From: Steve Phelan <stevep_at_pmcgettigan.demon.co.uk>
Date: 1997/03/03
Message-ID: <331B1333.1F0F@pmcgettigan.demon.co.uk>#1/1

Kelly Young wrote:

> I'm also somewhat confused by the "block" terminology used in the
> Oracle manuals. We are running DEC Unix. It is my understanding
> that the physical disk block is 512 bytes and the Unix (OSF/1)
> operating system does I/O in blocks of 8192 bytes. Therefore,
> when Oracle refers to "Operating System Blocks" I assume they are
> referring to 8192 (not 512), correct? I've never been able to
> confirm this.

No. Generally when Oracle is referring to O/S blocks it is for *sizing* purposes, so it normally means the 512 byte disk block size, not the max I/O request size of your OS.

If you were setting, say, your Oracle block size, you would always make sure it was a multiple of the disk block size - 512 bytes. This is why you see recommended Oracle block sizes of 2K, 4K, 8K and so on.

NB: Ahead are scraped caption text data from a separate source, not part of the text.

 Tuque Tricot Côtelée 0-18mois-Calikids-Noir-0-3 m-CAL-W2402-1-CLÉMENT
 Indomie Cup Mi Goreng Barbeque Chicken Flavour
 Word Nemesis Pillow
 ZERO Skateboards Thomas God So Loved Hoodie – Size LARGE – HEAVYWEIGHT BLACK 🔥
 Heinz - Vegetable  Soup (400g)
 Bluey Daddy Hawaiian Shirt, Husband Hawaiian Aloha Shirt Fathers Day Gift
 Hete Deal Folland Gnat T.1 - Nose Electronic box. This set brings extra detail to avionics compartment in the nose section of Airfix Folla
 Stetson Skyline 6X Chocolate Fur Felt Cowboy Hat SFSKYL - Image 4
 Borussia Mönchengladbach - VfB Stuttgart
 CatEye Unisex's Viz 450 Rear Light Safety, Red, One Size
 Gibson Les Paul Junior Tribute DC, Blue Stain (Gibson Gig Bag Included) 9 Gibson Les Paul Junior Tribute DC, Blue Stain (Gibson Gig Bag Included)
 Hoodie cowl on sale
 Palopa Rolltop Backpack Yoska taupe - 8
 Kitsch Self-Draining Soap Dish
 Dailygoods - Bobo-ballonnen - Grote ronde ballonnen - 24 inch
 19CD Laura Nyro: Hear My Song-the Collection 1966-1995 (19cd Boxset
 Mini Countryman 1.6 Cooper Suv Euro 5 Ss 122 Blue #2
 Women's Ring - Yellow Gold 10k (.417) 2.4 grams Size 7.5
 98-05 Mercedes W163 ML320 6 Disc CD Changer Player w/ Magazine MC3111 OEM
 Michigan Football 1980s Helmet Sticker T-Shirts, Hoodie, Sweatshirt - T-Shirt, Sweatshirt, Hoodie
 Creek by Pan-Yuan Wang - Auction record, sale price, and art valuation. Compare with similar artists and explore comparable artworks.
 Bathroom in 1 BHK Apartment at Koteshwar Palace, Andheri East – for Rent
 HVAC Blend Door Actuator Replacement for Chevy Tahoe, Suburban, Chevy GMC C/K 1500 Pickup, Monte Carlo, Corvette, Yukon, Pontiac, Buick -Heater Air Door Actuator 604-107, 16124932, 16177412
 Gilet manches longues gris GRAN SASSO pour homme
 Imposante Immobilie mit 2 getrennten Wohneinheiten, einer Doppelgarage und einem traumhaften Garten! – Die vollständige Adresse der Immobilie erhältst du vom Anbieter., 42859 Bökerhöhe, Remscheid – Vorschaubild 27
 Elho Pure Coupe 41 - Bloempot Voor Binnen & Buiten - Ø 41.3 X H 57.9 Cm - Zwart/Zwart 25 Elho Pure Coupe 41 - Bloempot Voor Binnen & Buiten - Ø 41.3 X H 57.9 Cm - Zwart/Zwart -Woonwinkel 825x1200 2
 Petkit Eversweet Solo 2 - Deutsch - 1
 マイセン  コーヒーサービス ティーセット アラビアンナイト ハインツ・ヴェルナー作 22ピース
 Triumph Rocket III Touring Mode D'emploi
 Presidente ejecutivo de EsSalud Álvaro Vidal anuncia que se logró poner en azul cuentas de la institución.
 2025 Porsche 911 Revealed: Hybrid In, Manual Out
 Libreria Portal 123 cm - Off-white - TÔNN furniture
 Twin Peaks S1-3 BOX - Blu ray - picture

The I/O size may be a limiting factor to consider when performing multi-block reads, as any requests which are larger than the I/O size for your system will just be broken up into multiple smaller requests. Example: 2K block (Oracle), multiblock read count 8: 8x2k = 16K read. The OS, with an 8K I/O limit will actually break this request down into 2 I/O requests, as it can't do a single 16K read, so you will get no advantage by setting large multi-block read counts.

Always check your OS specific Oracle installation guide for more info.